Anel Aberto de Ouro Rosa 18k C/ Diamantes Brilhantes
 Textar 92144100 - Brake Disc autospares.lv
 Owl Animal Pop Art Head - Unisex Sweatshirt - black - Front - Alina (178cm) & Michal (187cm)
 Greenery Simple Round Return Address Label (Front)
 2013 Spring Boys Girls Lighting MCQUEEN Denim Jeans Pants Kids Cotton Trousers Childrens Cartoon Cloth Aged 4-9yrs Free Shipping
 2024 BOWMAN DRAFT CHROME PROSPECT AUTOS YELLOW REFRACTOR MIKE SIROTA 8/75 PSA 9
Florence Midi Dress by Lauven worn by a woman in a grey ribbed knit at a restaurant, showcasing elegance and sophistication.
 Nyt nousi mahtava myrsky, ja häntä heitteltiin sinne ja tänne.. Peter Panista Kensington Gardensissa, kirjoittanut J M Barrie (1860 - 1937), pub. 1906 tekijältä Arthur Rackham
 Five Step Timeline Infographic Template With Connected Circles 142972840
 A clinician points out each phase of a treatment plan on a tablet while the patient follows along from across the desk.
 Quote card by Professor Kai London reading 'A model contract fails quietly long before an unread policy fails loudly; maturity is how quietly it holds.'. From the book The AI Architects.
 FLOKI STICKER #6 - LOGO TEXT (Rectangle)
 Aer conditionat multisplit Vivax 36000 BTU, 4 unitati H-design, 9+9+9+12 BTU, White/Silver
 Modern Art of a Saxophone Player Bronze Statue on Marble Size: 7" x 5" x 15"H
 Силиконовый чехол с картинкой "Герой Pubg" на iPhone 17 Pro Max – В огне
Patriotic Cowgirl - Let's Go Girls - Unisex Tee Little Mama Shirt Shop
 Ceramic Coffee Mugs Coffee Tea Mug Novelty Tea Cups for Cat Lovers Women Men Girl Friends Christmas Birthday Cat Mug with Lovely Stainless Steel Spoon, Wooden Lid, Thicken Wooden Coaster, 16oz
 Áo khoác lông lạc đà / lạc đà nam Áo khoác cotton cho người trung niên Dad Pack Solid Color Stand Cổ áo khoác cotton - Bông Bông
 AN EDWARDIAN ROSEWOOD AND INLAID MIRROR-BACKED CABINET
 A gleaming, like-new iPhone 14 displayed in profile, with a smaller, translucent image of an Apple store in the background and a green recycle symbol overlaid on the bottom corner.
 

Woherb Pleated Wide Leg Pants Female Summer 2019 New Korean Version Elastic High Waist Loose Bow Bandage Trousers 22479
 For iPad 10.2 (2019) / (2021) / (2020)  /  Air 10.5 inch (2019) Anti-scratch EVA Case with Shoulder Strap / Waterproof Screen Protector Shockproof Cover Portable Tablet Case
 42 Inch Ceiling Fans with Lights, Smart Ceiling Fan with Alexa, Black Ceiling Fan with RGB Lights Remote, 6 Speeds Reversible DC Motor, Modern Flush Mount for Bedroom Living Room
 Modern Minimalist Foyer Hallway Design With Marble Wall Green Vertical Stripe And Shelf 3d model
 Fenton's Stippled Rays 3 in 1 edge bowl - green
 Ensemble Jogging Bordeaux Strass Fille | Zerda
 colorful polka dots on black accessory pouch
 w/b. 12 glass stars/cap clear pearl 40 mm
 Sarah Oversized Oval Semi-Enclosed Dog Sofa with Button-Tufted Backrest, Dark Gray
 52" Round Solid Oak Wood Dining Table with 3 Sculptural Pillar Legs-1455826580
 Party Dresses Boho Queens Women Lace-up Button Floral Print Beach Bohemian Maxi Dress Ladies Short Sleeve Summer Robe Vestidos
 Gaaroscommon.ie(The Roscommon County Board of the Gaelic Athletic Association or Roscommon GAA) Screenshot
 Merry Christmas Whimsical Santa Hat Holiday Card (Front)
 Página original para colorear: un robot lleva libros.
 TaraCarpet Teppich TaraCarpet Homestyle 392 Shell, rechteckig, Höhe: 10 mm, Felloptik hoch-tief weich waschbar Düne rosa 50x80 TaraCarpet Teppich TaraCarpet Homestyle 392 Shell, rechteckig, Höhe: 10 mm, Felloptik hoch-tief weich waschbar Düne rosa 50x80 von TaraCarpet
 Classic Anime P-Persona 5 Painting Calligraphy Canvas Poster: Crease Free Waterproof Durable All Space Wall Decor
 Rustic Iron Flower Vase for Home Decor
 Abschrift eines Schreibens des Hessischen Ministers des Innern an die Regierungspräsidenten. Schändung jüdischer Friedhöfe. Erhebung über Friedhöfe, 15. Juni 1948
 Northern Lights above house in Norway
★ ★ ★ ★ ★ ★ ★
▸ **Directions for this task**: Your task is to copy each line of the data above that holds "Unisex".

▸ **Solution below**:
 Owl Animal Pop Art Head - Unisex Sweatshirt - black - Front - Alina (178cm) & Michal (187cm)
Patriotic Cowgirl - Let's Go Girls - Unisex Tee Little Mama Shirt Shop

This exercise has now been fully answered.